(What to produce): Below are some records. Return exactly their lines from the one containing "ECKSOFA VELISS Beige" through the one containing "TAT6477 District Of Columbia License Plate", and drop the pictures.

------ Source data ------

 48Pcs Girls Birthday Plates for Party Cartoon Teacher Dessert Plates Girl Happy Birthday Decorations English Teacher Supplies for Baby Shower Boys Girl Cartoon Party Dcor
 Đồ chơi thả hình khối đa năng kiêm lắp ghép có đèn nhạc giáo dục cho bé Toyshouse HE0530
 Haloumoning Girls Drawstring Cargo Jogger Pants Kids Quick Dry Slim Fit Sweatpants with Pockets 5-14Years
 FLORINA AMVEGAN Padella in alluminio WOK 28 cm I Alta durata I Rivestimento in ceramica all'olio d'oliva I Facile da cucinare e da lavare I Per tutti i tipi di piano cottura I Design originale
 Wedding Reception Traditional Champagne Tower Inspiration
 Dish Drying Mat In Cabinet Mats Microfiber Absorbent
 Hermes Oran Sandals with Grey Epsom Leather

------
------ Source data ------

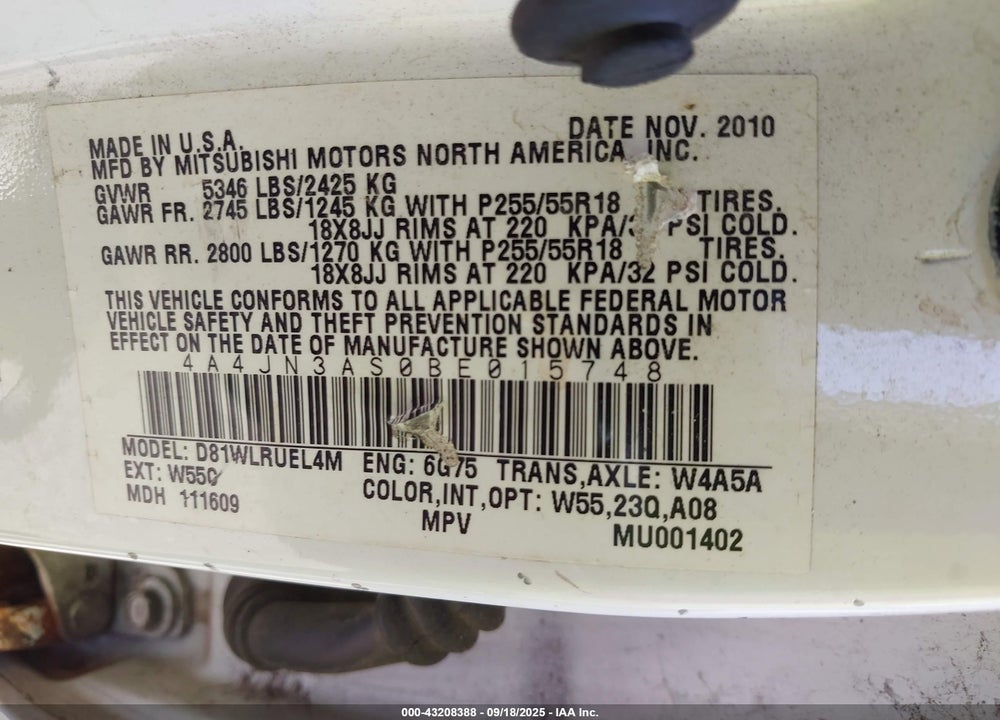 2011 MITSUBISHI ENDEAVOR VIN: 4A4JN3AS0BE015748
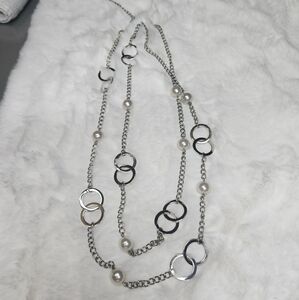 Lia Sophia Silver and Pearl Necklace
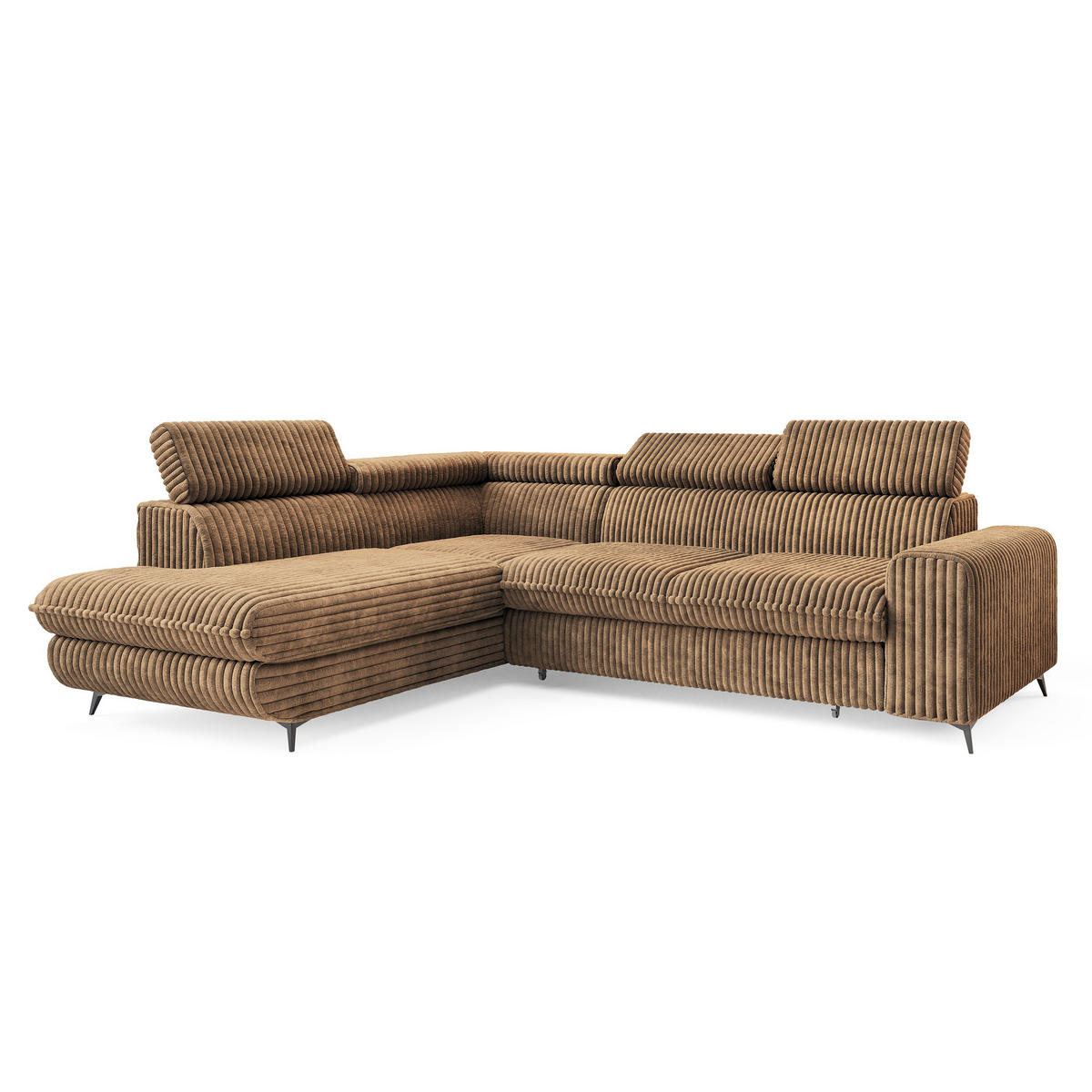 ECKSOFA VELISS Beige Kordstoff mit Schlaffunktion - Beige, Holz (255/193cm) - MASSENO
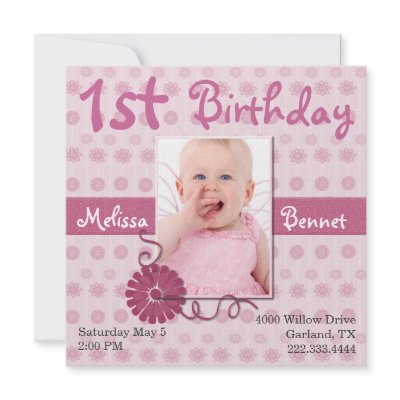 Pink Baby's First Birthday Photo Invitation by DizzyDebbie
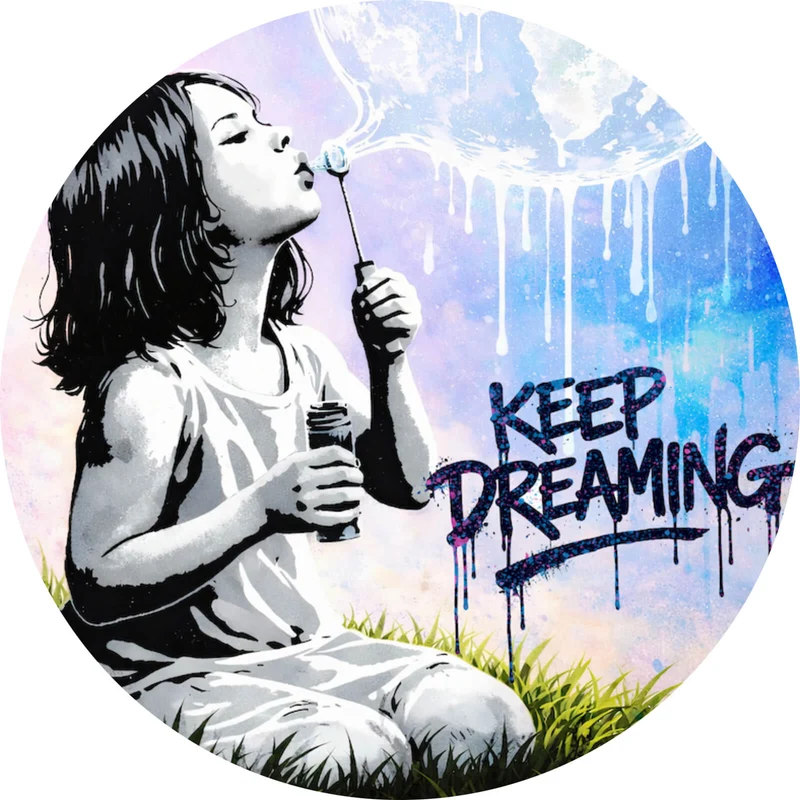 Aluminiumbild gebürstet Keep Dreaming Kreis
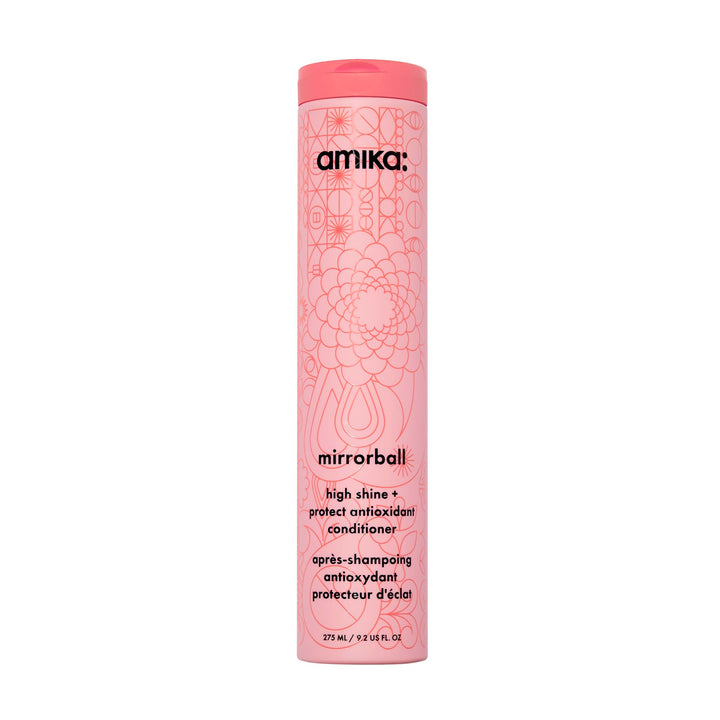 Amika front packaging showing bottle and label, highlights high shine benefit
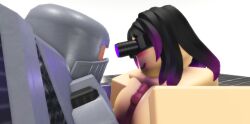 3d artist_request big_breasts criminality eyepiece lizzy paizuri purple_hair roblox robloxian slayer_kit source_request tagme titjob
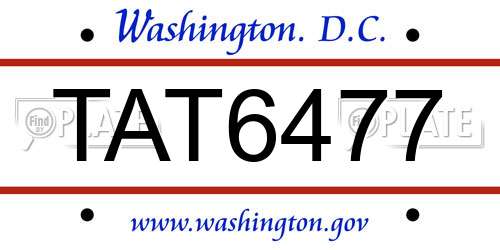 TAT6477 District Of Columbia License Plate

------
------ Source data ------

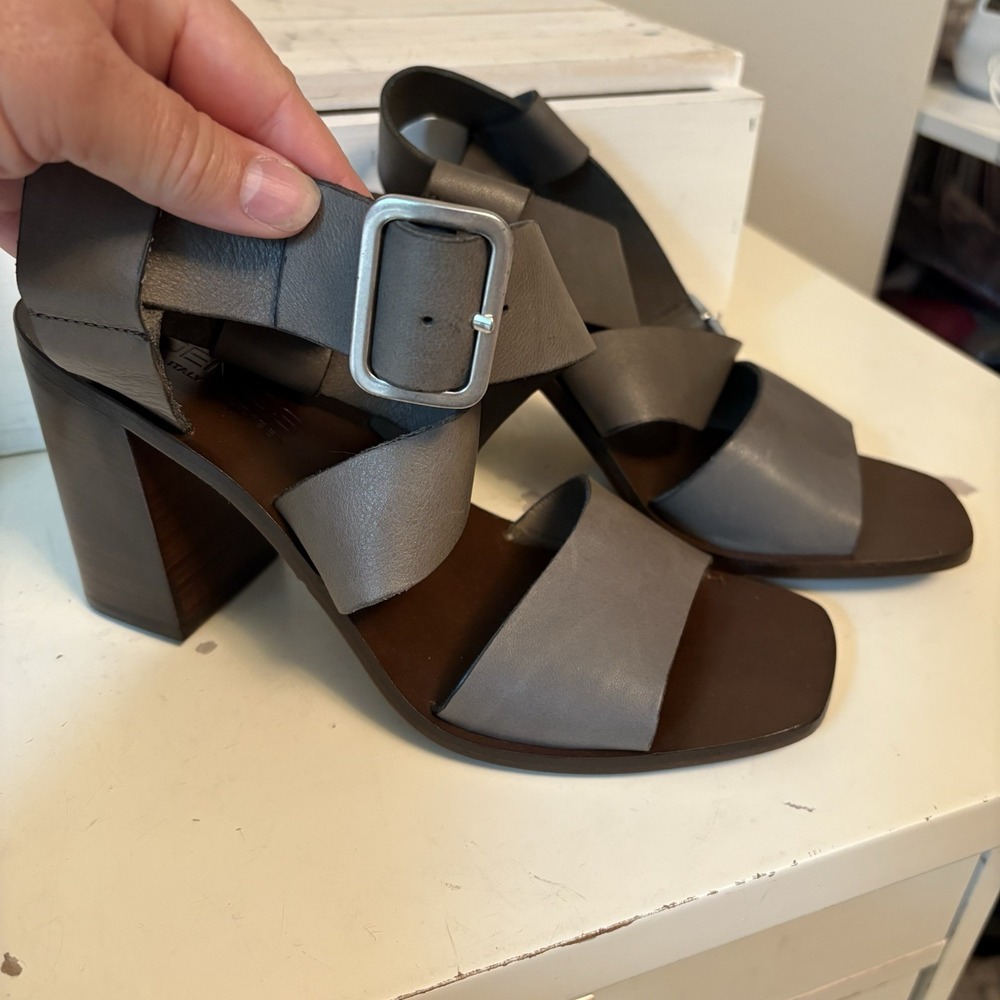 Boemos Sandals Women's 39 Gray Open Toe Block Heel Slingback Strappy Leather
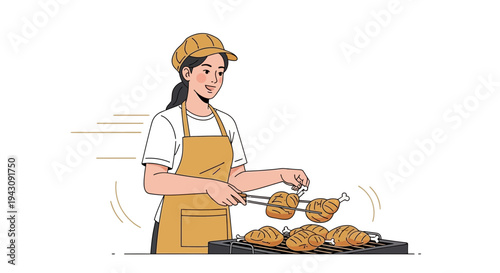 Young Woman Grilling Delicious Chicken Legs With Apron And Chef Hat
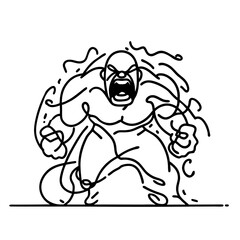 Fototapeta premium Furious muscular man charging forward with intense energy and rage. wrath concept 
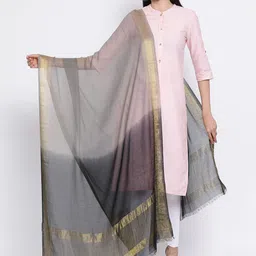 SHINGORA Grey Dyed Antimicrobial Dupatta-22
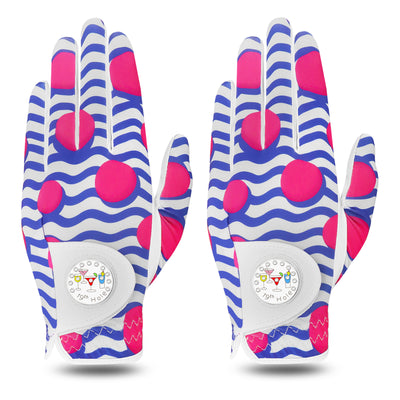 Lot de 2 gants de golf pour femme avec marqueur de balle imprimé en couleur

------

(Solution for this problem):
 ECKSOFA VELISS Beige Kordstoff mit Schlaffunktion - Beige, Holz (255/193cm) - MASSENO
 Pink Baby's First Birthday Photo Invitation by DizzyDebbie
 Aluminiumbild gebürstet Keep Dreaming Kreis
 Amika front packaging showing bottle and label, highlights high shine benefit
 3d artist_request big_breasts criminality eyepiece lizzy paizuri purple_hair roblox robloxian slayer_kit source_request tagme titjob
 TAT6477 District Of Columbia License Plate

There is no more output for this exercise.